Recently I witnessed the unraveling of a love relationship. I was at our county courthouse waiting in line for my turn at the glass window, when a young couple stepped up to a different window not far from mine. The sign above theirs read, “FAMILY”.

As I waited, I watched, worrying over the reason they were at the window. The mother, looking like a middle school kid, was burdened down with a massive diaper bag, a big purse, and a heavy toddler. I just hoped they weren’t filing for divorce.

But it was worse than that.

Family courtThe father (think teenager) leaned toward the window to explain. “This here is my baby, and I want to give up custody.”

The woman on the other side of the glass winced a little and said, “You mean you want to terminate your rights as a father?”

“Yeah,” he said, without a bit of emotion. “See, I don’t wanna give ‘em any more money. I haven’t worked for a year, and I don’t have any money. I wanna be done.”

I glanced at the mother, who had moved to a folding chair nearby. She, too, was without emotion.

A rush of grief swept through me, and I wanted to know every detail about these three people. Had they finished high school? Did they have a place to live? Had they raised their baby together so far? Were their parents helping? Had they told anyone what they were doing today? Did they have any money? Or food? (Both were reed thin.) But it was my turn at the other window.

A few minutes later out in the hall, I saw the young mother sitting on a bench, her baby on her lap. I smiled at her, and she smiled back, so I walked up and said, “You have a sweet baby there. How old is he?”

“Almost two,” she said, turning his face so I could see him better. “He was born two months too soon, but the doctor says he’s doing pretty good.”

“He’s darling,” I said. “You must be very proud of him.”

“Oh, I am,” she said, and we continued to chat, two moms who both love children.

When I finally stepped toward the elevator she said, “I hope you have a really nice day, ma’am, a really good day.” I wished her the same, but hopelessness washed over me. The sting of tears made me grateful I was headed for the privacy of my car.

When I got there, though, the Lord chided me. “That situation is not hopeless. You should know better than that. Why don’t you stop despairing and pray for them?”

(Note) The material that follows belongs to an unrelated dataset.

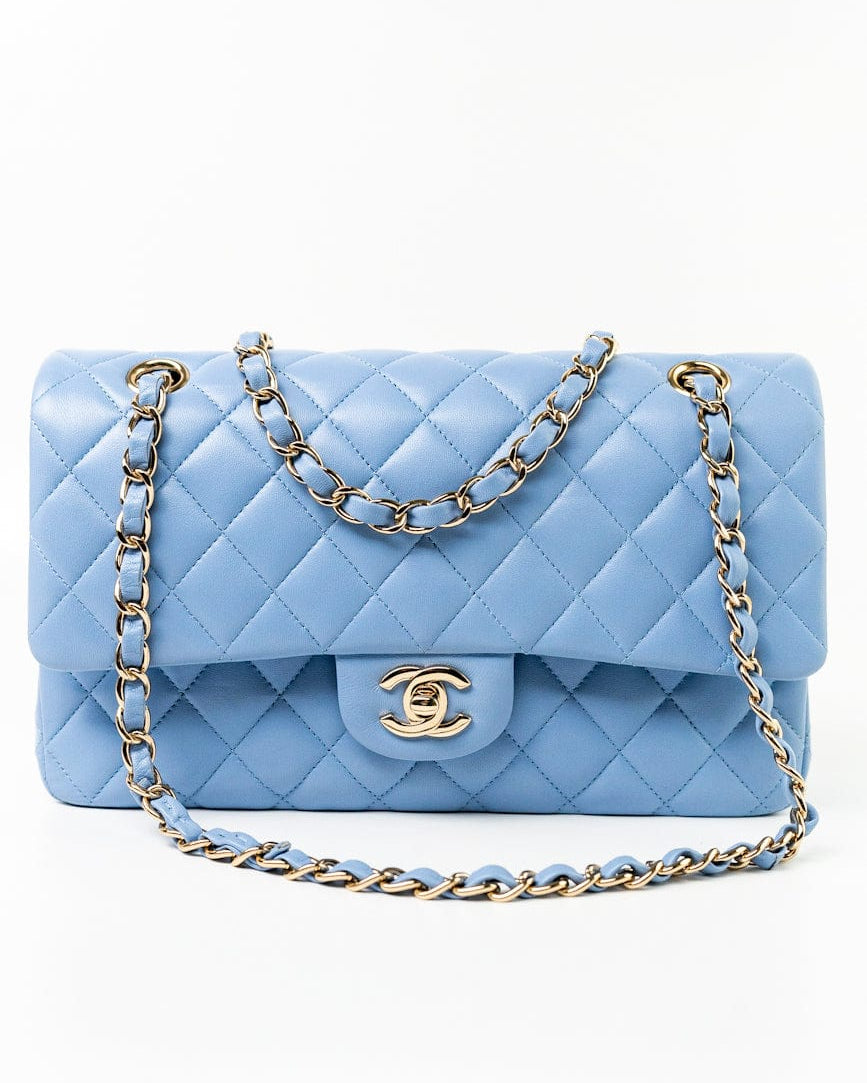 CHANEL Handbag 21C Sky Blue Lambskin Quilted Classic Flap Medium Light Gold Hardware -Knockoff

As I prayed, God reminded me he already knows the answers to my many questions about them. He also has the power to affect change in their lives, and praying for them was an opportunity to trust the Lord to act on their behalf.

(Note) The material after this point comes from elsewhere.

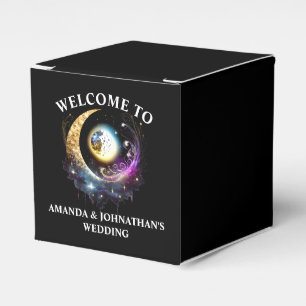 Celestial full moon 3D starry night magenta chic Favour Box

With God involved, nothing is ever hopeless.

“Blessed are the poor in spirit, for theirs is the kingdom of heaven.” (Matthew 5:3)

Praising and Praying with Mary

  1. I’m thankful for a good week (without chemo!) leading up to daughter Stina’s wedding this Saturday.
  2. Please pray for weather that will allow the ceremony to take place outdoors as planned.
  3. Chemo resumes Monday.

2 thoughts on “Losing at Love

  1. What a wonderful reminder of God’s sovereignty – even when things appear hopeless from our limited human perspective.

  2. I’ve always found it very interesting when god has put me in a situation like you described – giving me opportunity to pray for someone/something, only HE knows about, but used me to touch their lives/situation with prayer. God is the ‘weaver of His tapestry’ of life, and we are the ‘threads’ being woven just as He desires. That is a beautiful reminder. thanks for sharing it.
    Mary is definitely in my prayers for being strong and feeling good for the wedding of her daughter this Saturday. I pray a SUPERNATURAL IMPARTATION of God’s strength be upon her throughout this time of celebration.
    I know this is a joyous time for you, as well, Margaret, with all your children around you, and the chaotic fun you are having with all those grandbabies! Enjoy. God bless!